Visions of future computing environments involve integrating tiny microelectronic processors and sensors into everyday objects in order to make them "smart." Today's technological trends like GPS-enabled mobile phones and RFID-tagged consumer items seem to herald a society where larger and larger parts of our lives will be digitized, in order to provide better services, cheaper goods, and improve health and safety.
At the same time, this potentially opens up our lives for others to inspect and search, creating a comprehensive surveillance network of unprecedented scale.

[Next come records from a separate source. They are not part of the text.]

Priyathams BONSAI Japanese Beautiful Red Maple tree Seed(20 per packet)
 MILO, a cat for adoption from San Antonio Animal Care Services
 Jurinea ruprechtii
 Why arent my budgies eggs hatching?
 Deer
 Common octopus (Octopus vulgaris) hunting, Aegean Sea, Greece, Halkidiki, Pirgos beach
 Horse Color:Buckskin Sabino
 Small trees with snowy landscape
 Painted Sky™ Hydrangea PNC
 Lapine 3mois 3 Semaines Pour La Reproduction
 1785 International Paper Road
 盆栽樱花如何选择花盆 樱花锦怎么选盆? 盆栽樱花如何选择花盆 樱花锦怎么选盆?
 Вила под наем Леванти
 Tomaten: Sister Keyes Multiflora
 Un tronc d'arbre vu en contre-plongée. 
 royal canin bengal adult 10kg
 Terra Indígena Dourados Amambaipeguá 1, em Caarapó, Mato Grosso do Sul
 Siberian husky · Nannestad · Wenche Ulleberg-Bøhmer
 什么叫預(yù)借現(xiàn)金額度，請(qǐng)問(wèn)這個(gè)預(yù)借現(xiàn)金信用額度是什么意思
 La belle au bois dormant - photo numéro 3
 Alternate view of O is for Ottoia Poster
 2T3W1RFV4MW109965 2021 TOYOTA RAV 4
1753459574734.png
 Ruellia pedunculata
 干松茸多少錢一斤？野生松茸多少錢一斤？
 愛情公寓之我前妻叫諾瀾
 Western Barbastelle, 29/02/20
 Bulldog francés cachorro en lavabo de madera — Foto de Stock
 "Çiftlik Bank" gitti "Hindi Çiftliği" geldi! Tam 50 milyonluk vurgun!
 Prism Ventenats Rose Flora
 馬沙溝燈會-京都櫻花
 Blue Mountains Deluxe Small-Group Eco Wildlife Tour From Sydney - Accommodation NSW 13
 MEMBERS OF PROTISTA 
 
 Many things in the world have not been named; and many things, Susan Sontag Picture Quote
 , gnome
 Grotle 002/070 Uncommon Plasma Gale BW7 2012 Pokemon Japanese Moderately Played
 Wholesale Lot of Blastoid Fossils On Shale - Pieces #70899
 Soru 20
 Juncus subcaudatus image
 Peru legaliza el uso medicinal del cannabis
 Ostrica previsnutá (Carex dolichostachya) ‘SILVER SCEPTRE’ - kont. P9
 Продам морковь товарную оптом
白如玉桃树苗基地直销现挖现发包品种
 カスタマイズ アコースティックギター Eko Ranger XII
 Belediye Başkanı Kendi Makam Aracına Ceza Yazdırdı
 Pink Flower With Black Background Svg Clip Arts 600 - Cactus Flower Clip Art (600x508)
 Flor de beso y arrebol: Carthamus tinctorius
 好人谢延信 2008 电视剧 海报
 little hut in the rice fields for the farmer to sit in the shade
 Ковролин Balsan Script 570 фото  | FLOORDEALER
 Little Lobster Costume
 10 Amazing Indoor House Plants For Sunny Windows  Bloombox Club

In my talk, I want to briefly summarize the technical developments behind ubiquitous computing, introduce both the social and legal background of personal privacy, and then proceed to discuss the challenges that these new technologies pose in this arena, especially with respect to usability. I will use the example of an RFID privacy mechanism we developed at the ETH Zurich, based on shared secrets, for illustrating how we might have to adjust our current notions of personal privacy and security, in order to build privacy mechanisms that are useful, usable, and used.

 

BIOGRAPHY:

 

Marc Langheinrich is a senior researcher in the Institute for Pervasive Computing at the ETH Zurich, Switzerland. Before completing his PhD in the fields of ubiquitous computing and privacy in 2005 (at the ETH Zurich), he worked for several years as a researcher in both academia (Univ. of Washington, Seattle) and industry (NEC Research, Tokyo). Marc is one of the authors of P3P, a W3C-standard for privacy on the Web, and has published extensively on privacy and usability aspects of ubiquitous and pervasive computing systems.